▶ **Entries provided**
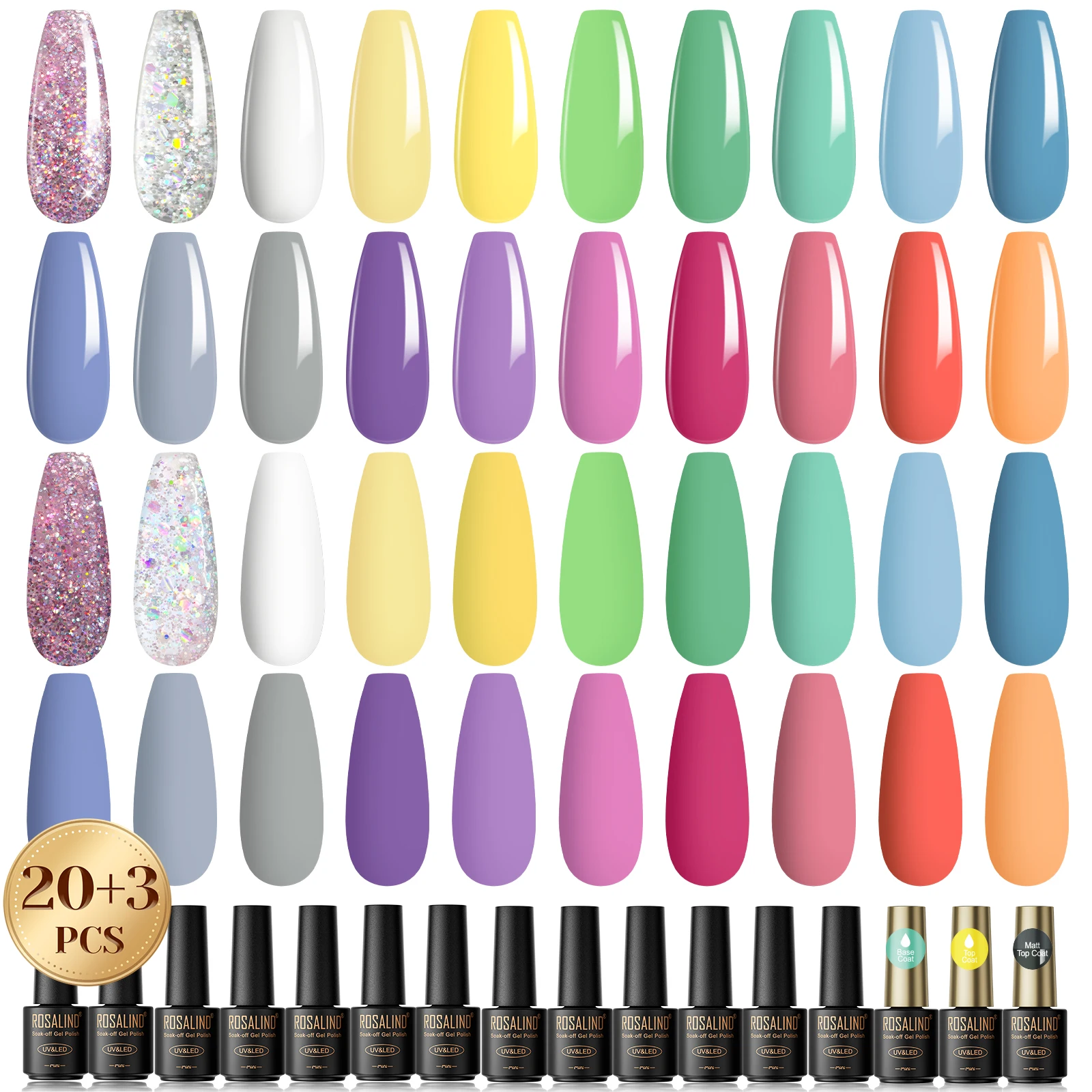 ROSALIND Mini Nail Glue Gel Polish Set UV Gel For Soak Off Varnishes Glitter Nail Polish Nail Nail Polish Supplies
ROSALIND Mini Nail Glue Gel Polish Set UV Gel For Soak Off Varnishes Glitter Nail Polish Nail Nail Polish Supplies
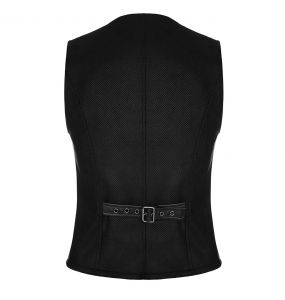 Black 'Taurus' Gothic Waistcoat Vest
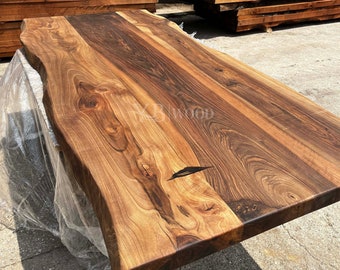 Handmade live edge outdoor wood table, Dining table, Outdoor furniture table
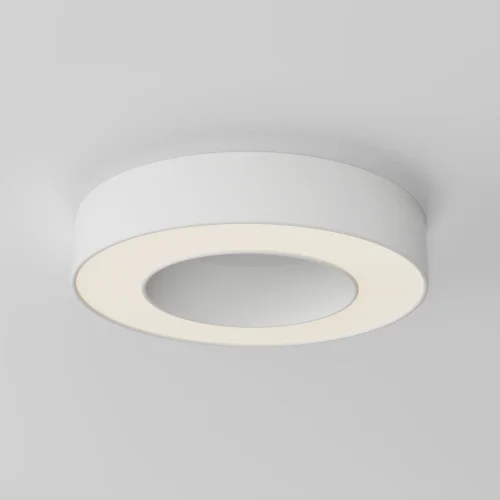 Светильник потолочный LED Lua C093CL-24W3K-W Maytoni белый на 1 лампу, основание белое в стиле современный хай-тек круглый фото 3
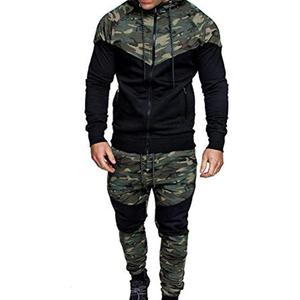 Ropa deportiva personalizada para correr para hombre, chándal 100% de algodón, trajes de equipo de entrenamiento, chándal para correr de talla grande - Product Image 1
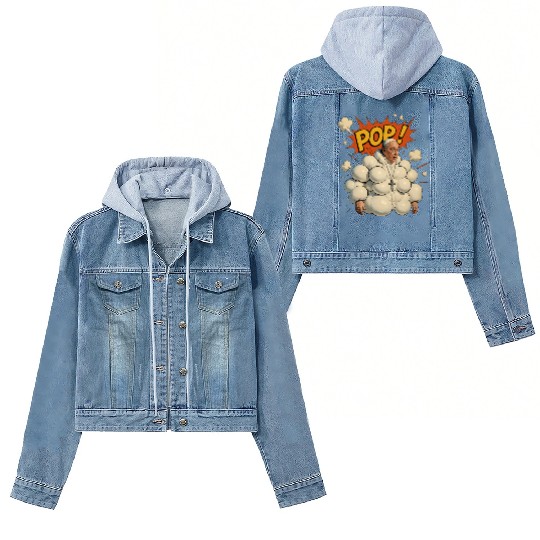 Pope Francis Popping pop pop pop 2025 Women's Denim Jackets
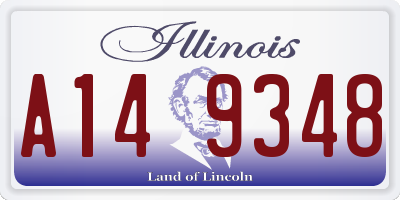 IL license plate A149348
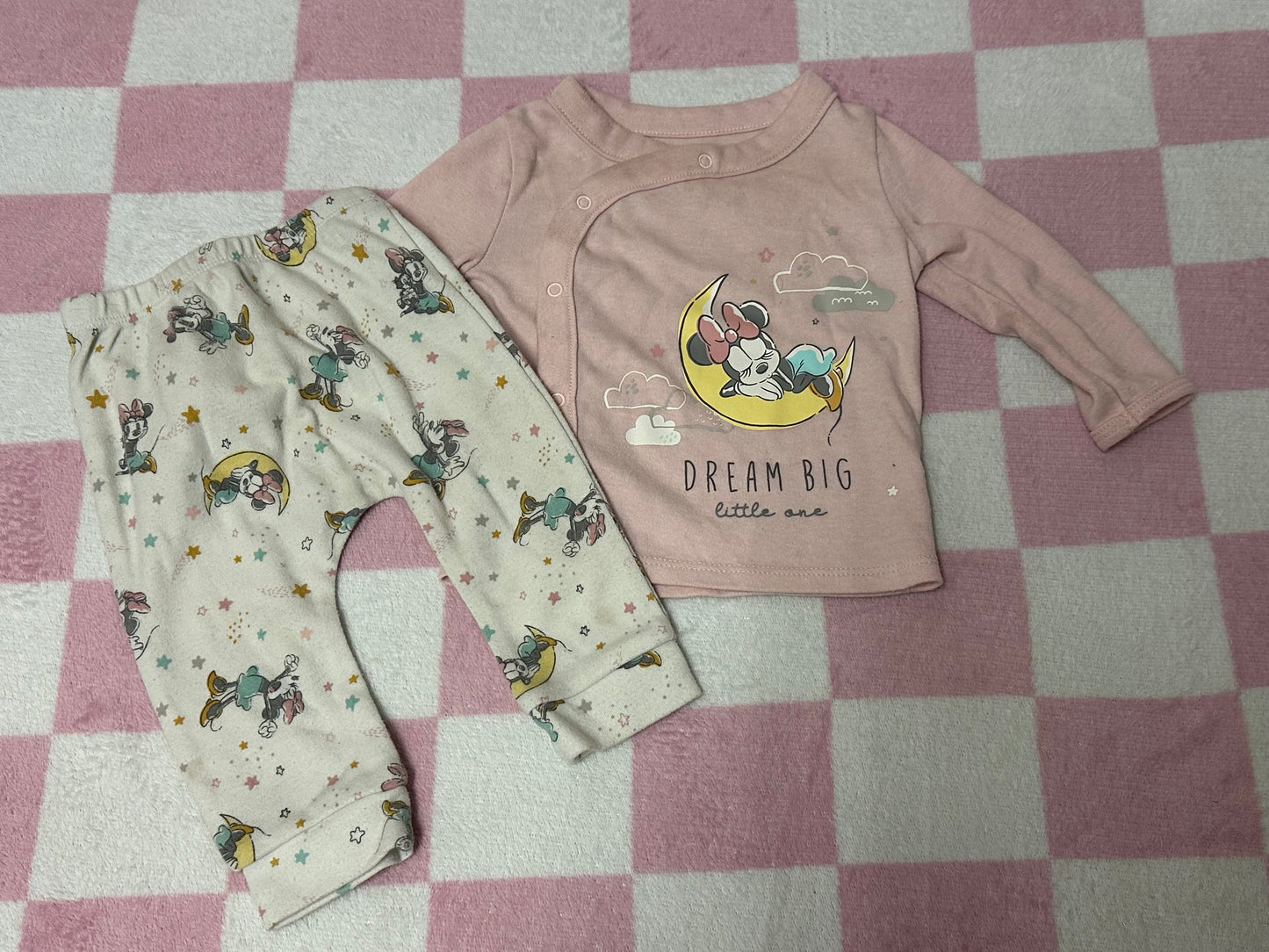 3/6m minnie pj set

▶ **Task instructions**
Could you retype the whole listing word for word, minus its pictures?

▶ **Task solution**
 ROSALIND Mini Nail Glue Gel Polish Set UV Gel For Soak Off Varnishes Glitter Nail Polish Nail Nail Polish Supplies
ROSALIND Mini Nail Glue Gel Polish Set UV Gel For Soak Off Varnishes Glitter Nail Polish Nail Nail Polish Supplies
 Black 'Taurus' Gothic Waistcoat Vest
 Handmade live edge outdoor wood table, Dining table, Outdoor furniture table
 Светильник потолочный LED Lua C093CL-24W3K-W Maytoni белый на 1 лампу, основание белое в стиле современный хай-тек круглый фото 3
 Ropa deportiva personalizada para correr para hombre, chándal 100% de algodón, trajes de equipo de entrenamiento, chándal para correr de talla grande - Product Image 1
 Pope Francis Popping pop pop pop 2025 Women's Denim Jackets
 IL license plate A149348
 3/6m minnie pj set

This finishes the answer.